Category: 415918-91-1

Category: esters-buliding-blocks. The reaction of aromatic heterocyclic molecules with protons is called protonation. Aromatic heterocycles are more basic than benzene due to the participation of heteroatoms. Compound: (11bR)-N,N-Bis[(1R)-1-phenylethyl]dinaphtho[2,1-d:1′,2′-f][1,3,2]dioxaphosphepin-4-amine, is researched, Molecular C36H30NO2P, CAS is 415918-91-1, about Desymmetrization of difluoromethylene groups by C-F bond activation. Author is Butcher, Trevor W.; Yang, Jonathan L.; Amberg, Willi M.; Watkins, Nicholas B.; Wilkinson, Natalie D.; Hartwig, John F..

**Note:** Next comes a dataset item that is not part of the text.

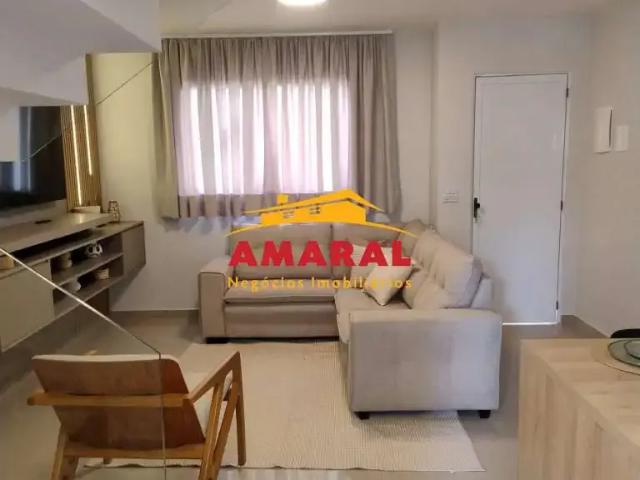 Casa / Sobrado em Condomínio para Venda em Mogi das Cruzes/SP Jundiapeba 2 Quartos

Tertiary stereogenic centers containing one fluorine atom are valuable for medicinal chem. because they mimic common tertiary stereogenic centers containing one hydrogen atom, but they possess distinct charge distribution, lipophilicity, conformation and metabolic stability1-3. Although tertiary stereogenic centers containing one hydrogen atom are often set by enantioselective desymmetrization reactions at one of the two carbon-hydrogen (C-H) bonds of a methylene group, tertiary stereocenters containing fluorine have not yet been constructed by the analogous desymmetrization reaction at one of the two carbon-fluorine (C-F) bonds of a difluoromethylene group3. Fluorine atoms are similar in size to hydrogen atoms but have distinct electronic properties, causing C-F bonds to be exceptionally strong and geminal C-F bonds to strengthen one another4. Thus, exhaustive defluorination typically dominates over the selective replacement of a single C-F bond, hindering the development of the enantioselective substitution of one fluorine atom to form a stereogenic center5,6. Here the authors report the catalytic, enantioselective activation of a single C-F bond in an allylic difluoromethylene group to provide a broad range of products containing a monofluorinated tertiary stereogenic center. By combining a tailored chiral iridium phosphoramidite catalyst, which controls regioselectivity, chemoselectivity and enantioselectivity, with a fluorophilic activator, which assists the oxidative addition of the C-F bond, these reactions occur in high yield and selectivity. The design principles proposed in this work extend to palladium-catalyzed benzylic substitution, demonstrating the generality of the approach.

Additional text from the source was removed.